NOTAS [COMENTARIOS DE RAMÓN GELPÍ] Texto de los Evangelios Concordados Índice de los Evangelios Concordados . . .......Textos.....INDEX
Nota 123
Normalmente la agonía de los crucificados, de una crueldad extrema, era muy larga. Dependía naturalmente del estado de agotamiento del reo, porque estaba supeditada a su capacidad para resistir el dolor al elevarse sobre los pies clavados, y respirar. Por esto Nuestro Señor murió relativamente pronto porque ya la flagelación fue un castigo extraordinario. Dios quiso dejar constancia de su poder en ello, y Jesús expiró exhalando una gran voz, pero no tuvo que ser "rematado" como los dos ladrones, porque así era lo dicho proféticamente por Moisés, refiriéndose al Cordero Pascual: "... No le quebraréis ningún hueso ..." (Ex 12, 46)
Efectivamente se quiso abreviar la agonía de los tres crucificados, porque era la Parasceve, o víspera de la Pascua (Ver NOTA 98), es decir los habitantes de Jerusalén iban a celebrar la Cena Pascual. Y la forma de adelantar la muerte, dadas las características del suplicio de la cruz, consistía en eliminar el apoyo de los pies del reo, aunque naturalmente mediante una nueva crueldad: se les quebraban las piernas a martillazos...

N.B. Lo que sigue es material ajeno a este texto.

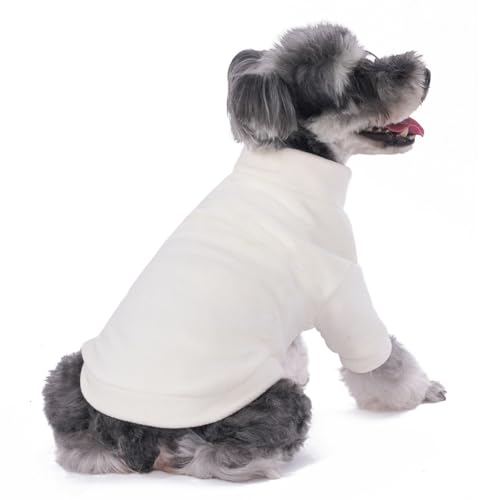 Image of Dog Sweater, 3 Pack Dog Sweaters for Small Dogs Girl Boy, Ultra Soft Warm Puppy Clothes Dog Coat for Winter (Camel+Beige+Yellow, XX-Small)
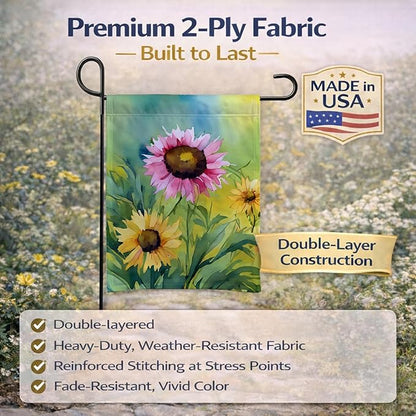 Caroline's Treasures Kentucky Goldenrod in Watercolor Garden Flag Mailbox Flag Decorative Yard Flag Banner Outside Patio Artwork Yard Flower Beds, Garden Size, Multicolor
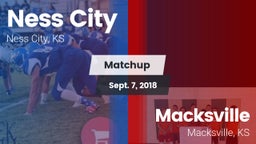 Matchup: Ness City High vs. Macksville  2018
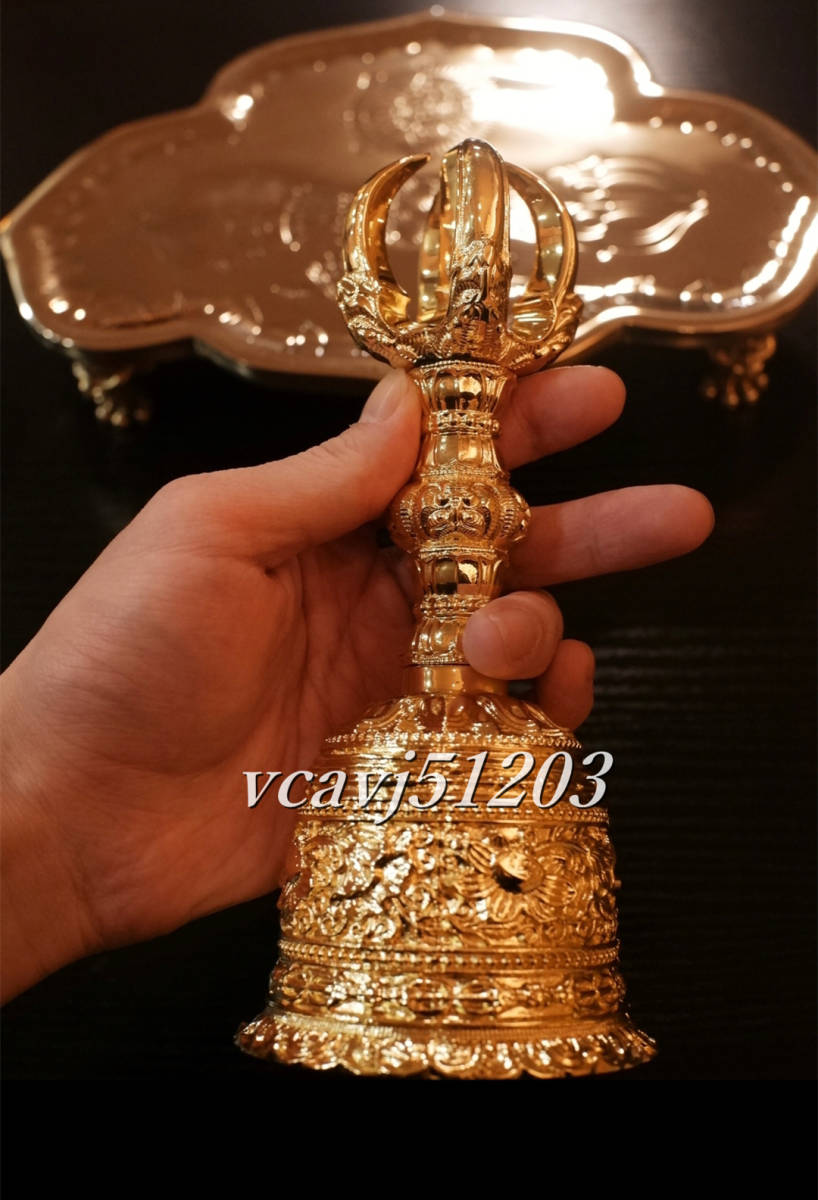密教法具 寺院用仏具」真言宗 鬼面型法具 金剛鈴 仏具 仏教美術 密教法具 寺院用仏具」真言宗 鬼面型法具 金剛鈴 仏具 仏教美術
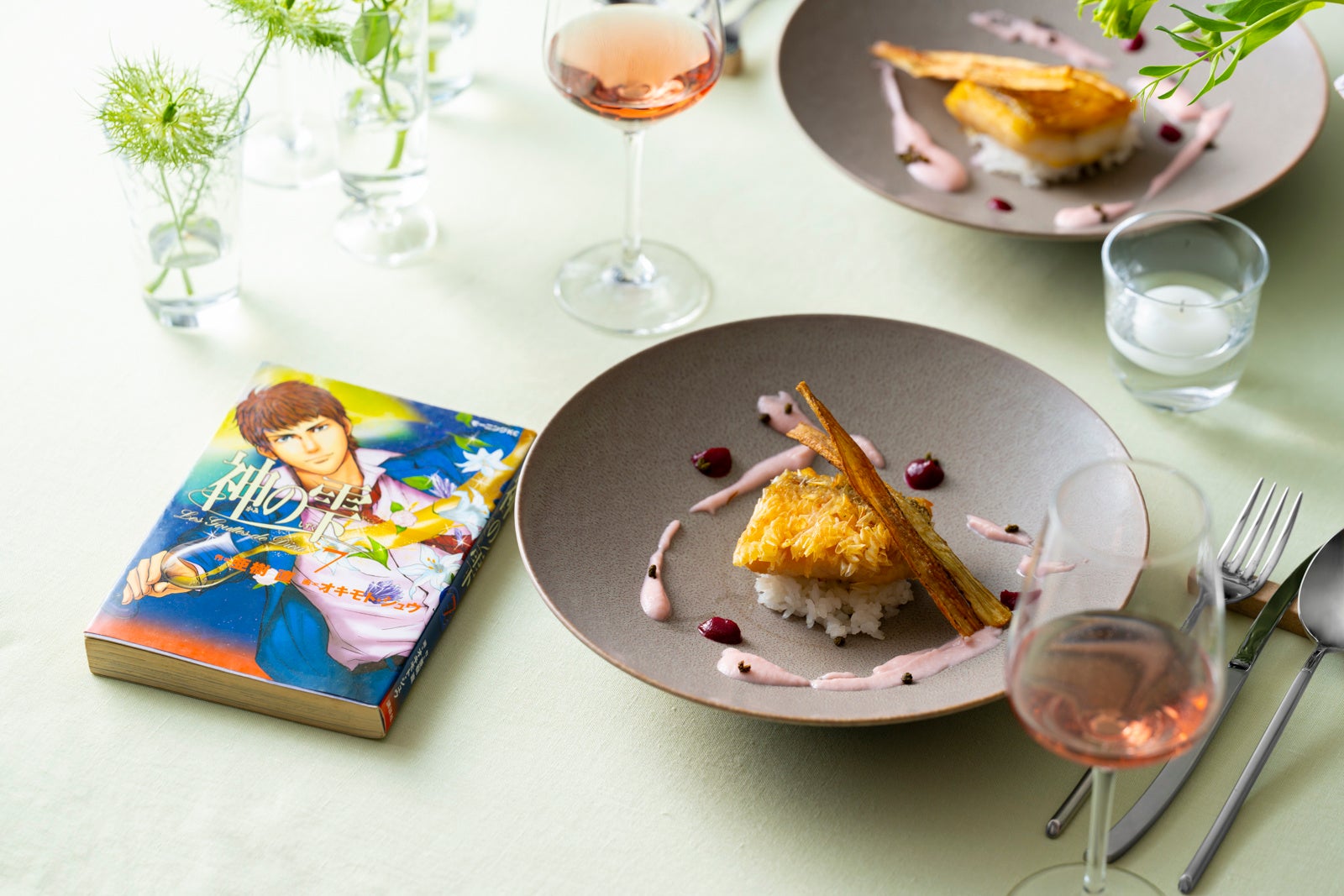 【軽井沢マリオットホテル】全世界で発行部数1500万部突破の漫画「神の雫」とのコラボディナー「Prime Shinshu -神の雫ワインペアリングセット-」を発売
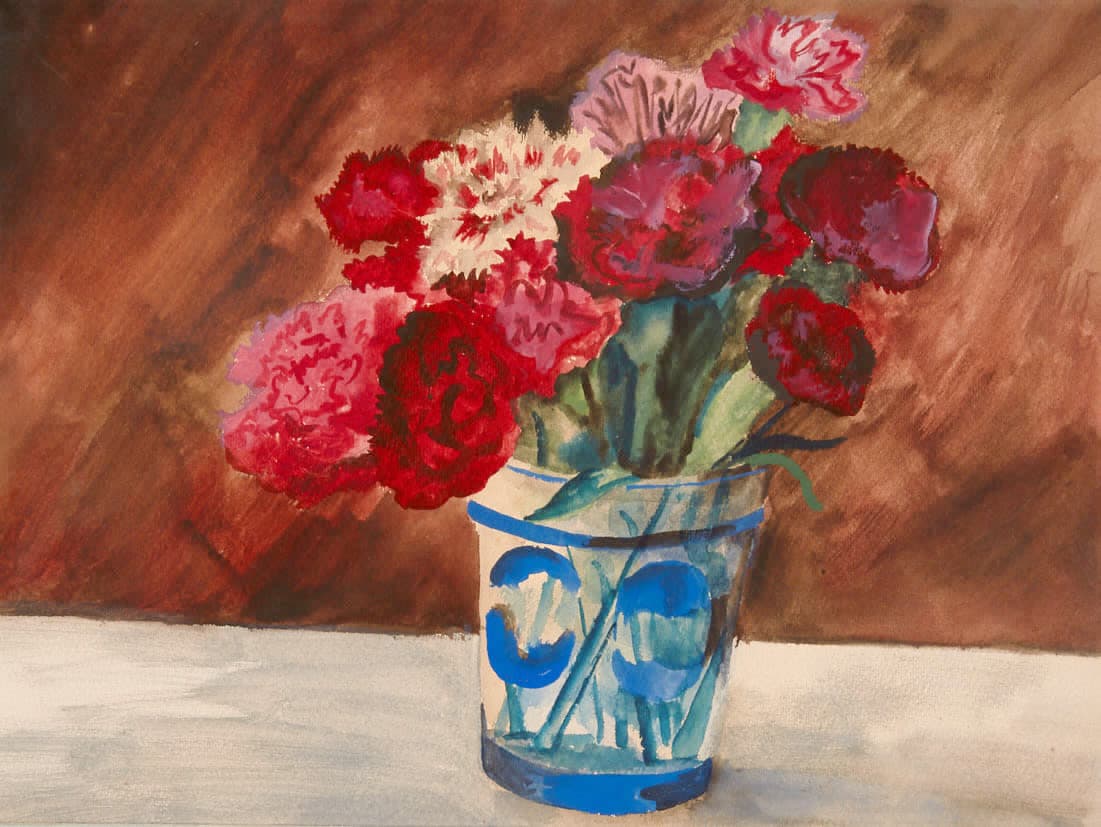 Натюрморт с гвоздиками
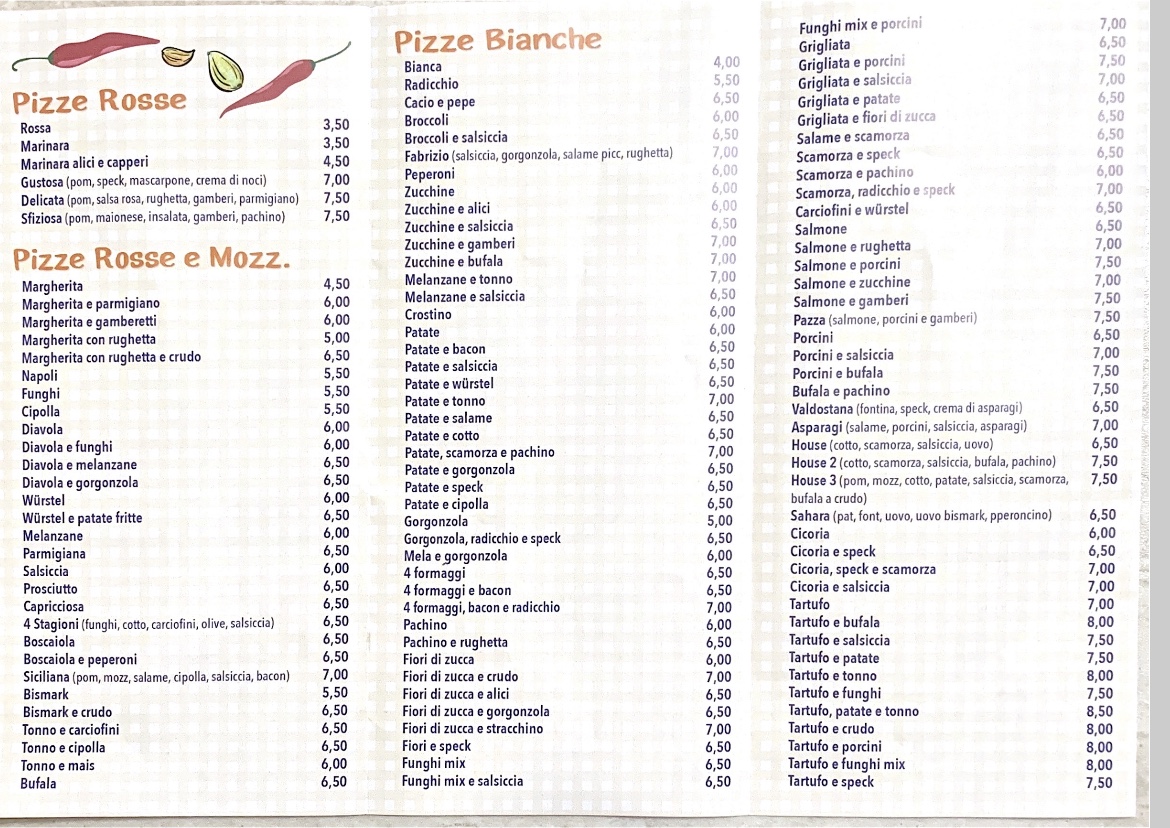 Pizza House Photo Menu 4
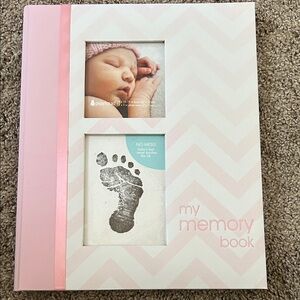 Pink and White Memory Book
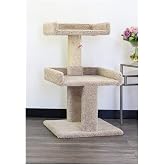 HomeStock Cat Tree Perch for Large Cats - Durable Cat Play Tower Beige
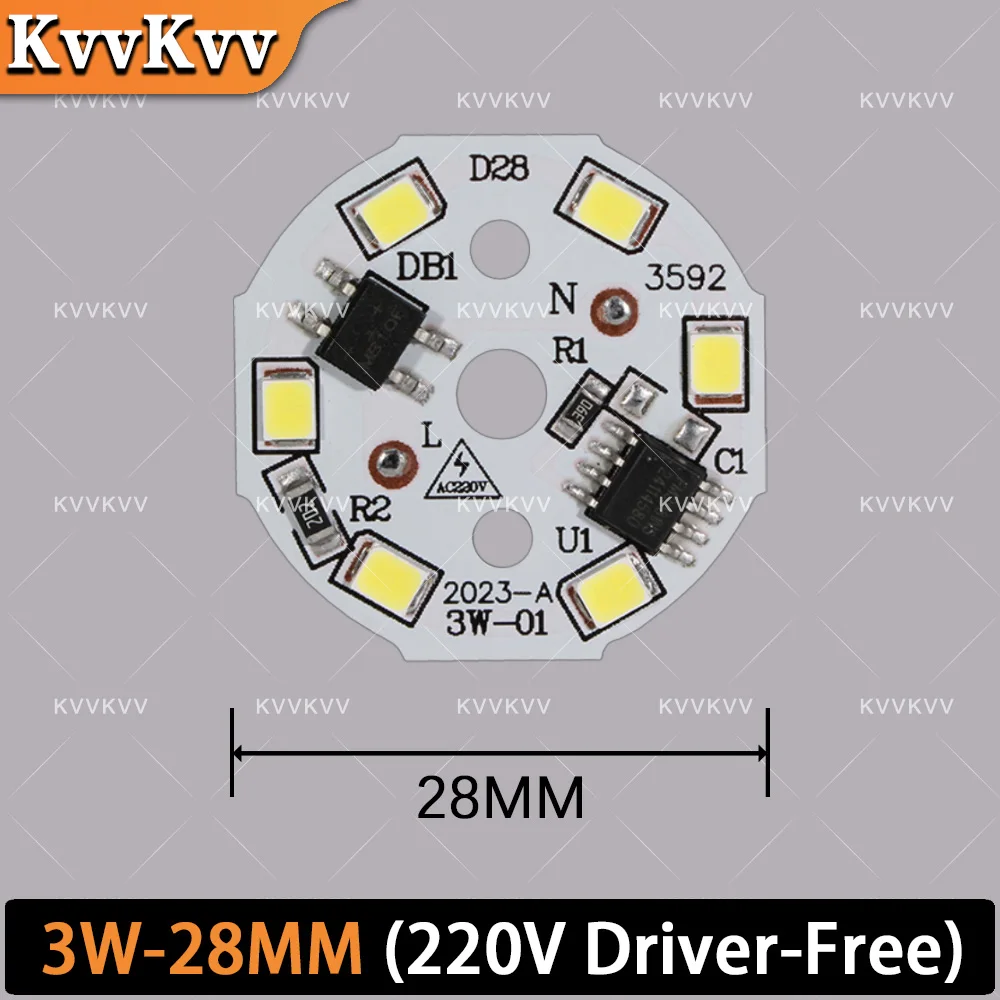 1pcs AC220V LED PCB Module 2835 SMD Bulb Lamp COB Chip 3W 5W 7W 9W 12W 15W 18W Smart IC Light Panel 6000-6500K White
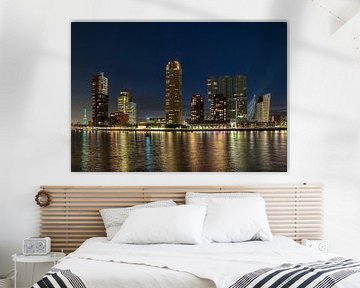 Komeet Neowise boven de Rotterdam Skyline van André van der Hoeven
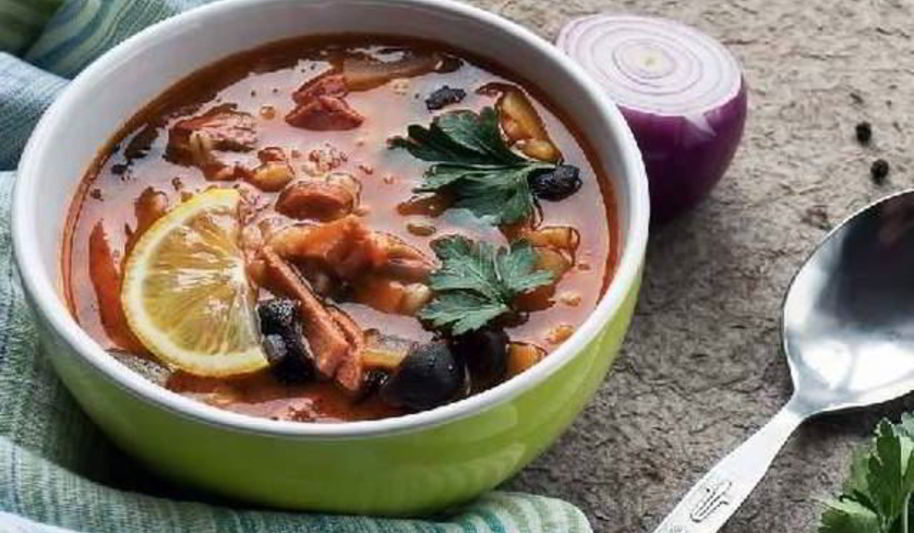 Рецепт густого супа со свининой и овощами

Pero Jesús estaba ya muerto, y para cerciorarse, el centurión ordena que le den una lanzada mortal. Lo hace el soldado, cumpliendo la orden, y atraviesa el costado de Jesús de abajo a arriba, y desde el lado derecho hasta el izquierdo: Así se abrió el Corazón de Jesús. Los soldados romanos conocían muy bien este golpe, y se entrenaban para ello; el corazón no está tan claramente en el lado izquierdo como se suele creer, y se le alcanzaba mediante una trayectoria cruzada, eludiendo tropezar con los huesos del tórax. Y así se cumplió, como dice San Juan, lo dicho por el Profeta: "... Verán al que traspasaron ..." (Zac 12, 10), mientras misteriosamente emana del Corazón sangre y agua.
Respecto del soldado que dio la lanzada, la tradición lo considera un converso, que se hace cristiano con el nombre de Longinos. La película de Mel Gibson lo representa de una forma muy bella y consoladora, cayendo sobre su rostro la sangre y agua del Corazón de Jesús, como símbolo de la gracia que recibe de El.